Showing posts with label being stupid. Show all posts
Showing posts with label being stupid. Show all posts

Tuesday, September 21, 2010

Insignificant Words that Produce Joy

I was walking home from class today, contemplating what makes me happy. I realized that my joys come from more simple things: a word, a touch, a good grade, etc. I mean, lately I have been really drawn to words that start with "W." I'm not sure you understand.

There are many words that bring me joy. Often they are little used words that are insignificant. Lately though, "W" has become my favorite letter, and words that begin with it just make me smile:

Wrinkle
Wonder
Wigglesworth, Michael (a poet)
Wit
Wistful
Whistle
Whimsical
Wish
Widget
Words

I could keep going, but I think you get my point.

Monday, July 26, 2010

The Joy of Rereading

While I was making myself french toast this morning, I ruminating over some things. The one that stands out most prominently however is my tendency to reread my favorite books. I have always thought this a sort of weakness, something like a fear of breaking out of what is comfortable. This summer, my thoughts on this tendency changed when I had an interview at the library for my dream job: stocking shelves. Although I didn't get the job (they didn't like that I lived about an hour away), I came home with a new found respect for rereading books.

Within the interview, one of the librarians with whom I was talking asked me what books I like to read. My goodness, she opened the floodgates. We then talked about books for about 5 minutes, and when I mentioned Jane Eyre by Charlotte Bronte, she told me that she rereads it once or twice a year.

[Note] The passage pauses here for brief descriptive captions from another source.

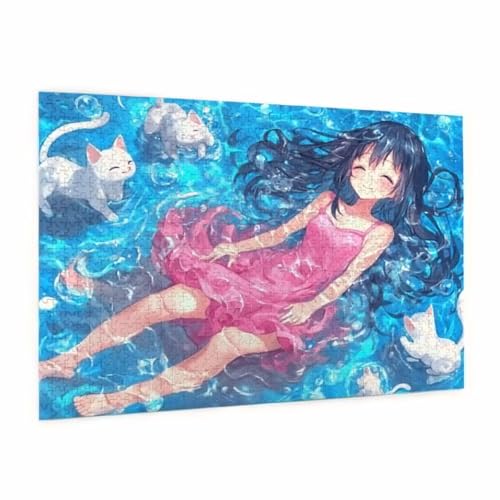 Mädchen Puzzle 1000 Teile Erwachsene Puzzle Katze Muster Design mit Geschenkbox-Verpackung als Geschenk für Frauen, Anspruchsvolle Familienaktivität für Anfänger, Zimmer Deko 75 x 50 cm -2199y von Zyupwjyy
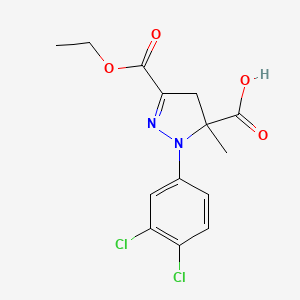 molecular formula C14H14Cl2N2O4 B6345318 1-(3,4-Dichlorophenyl)-3-(ethoxycarbonyl)-5-methyl-4,5-dihydro-1H-pyrazole-5-carboxylic acid, 95% CAS No. 1264049-70-8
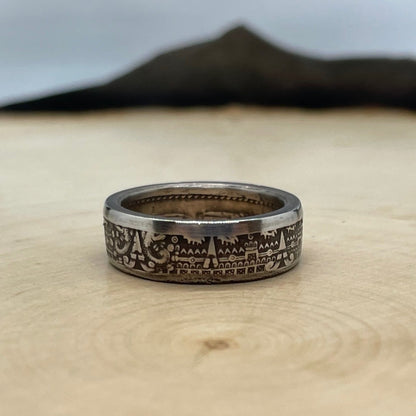 Mexico 10 Centavos Coin Ring on a wood round. - Mountainstruck Coin Jewelry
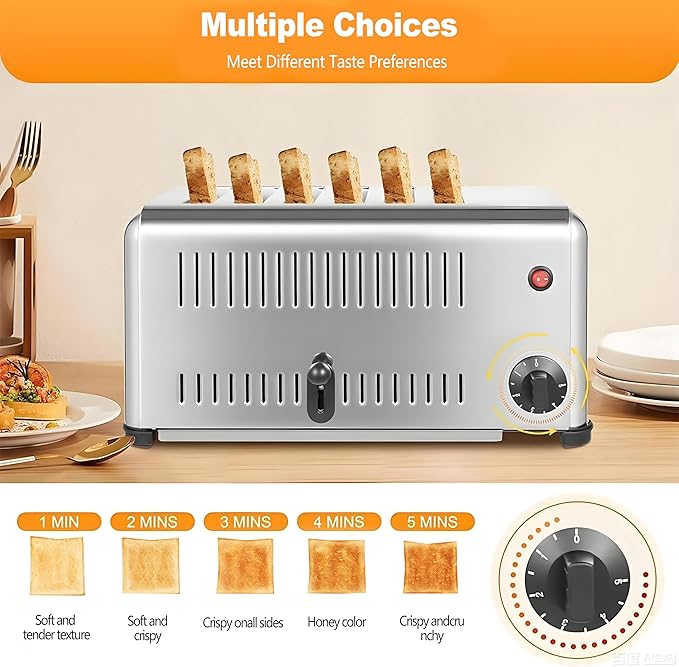 Professional-Grade 6-Slice Stainless Steel Toaster Commercial-Grade Extra-Wide Slot with Crumb Tray Even Heating to Ensure Even Cooking. Suitable for Home Kitchens Restaurants and Bakeries.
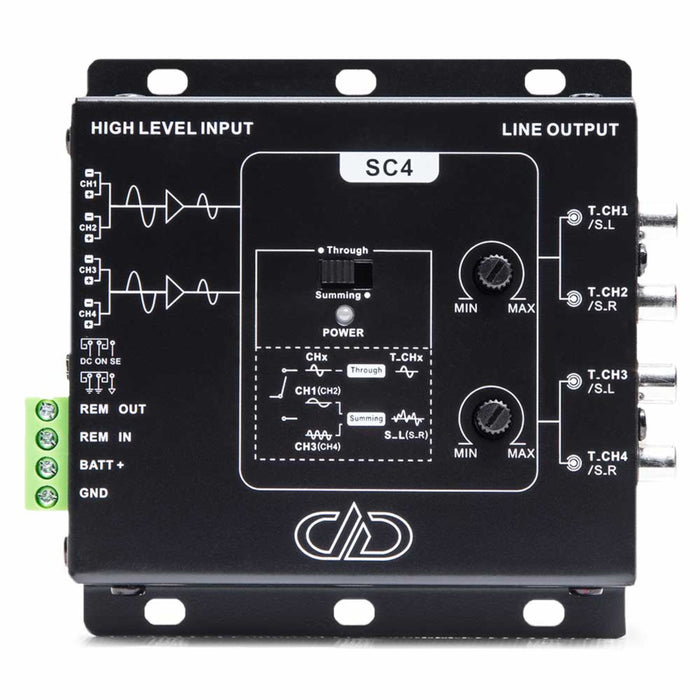 DD Audio 4-Channel Summing 10V Max Output Active Pre-Amp Signal Converter SC4a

This woman inspired me to not feel shame in my desire to reread books. She is in charge of shelving and sees new books come in and out of the library all the time, and yet, she continues to reread books.

My desire to reread books was then fueled. Though I will read new books, I never again feel like there is anything wrong with rereading a quality book. I feel joy in them and want to experience it again and again. And there is nothing wrong with that.

Here are some of my favorites that I have reread at least once:

The Last Battle by C.S. Lewis (every time I finish this book, I get the feeling that I could never read again and still be happy; and that is significant when you are a reader)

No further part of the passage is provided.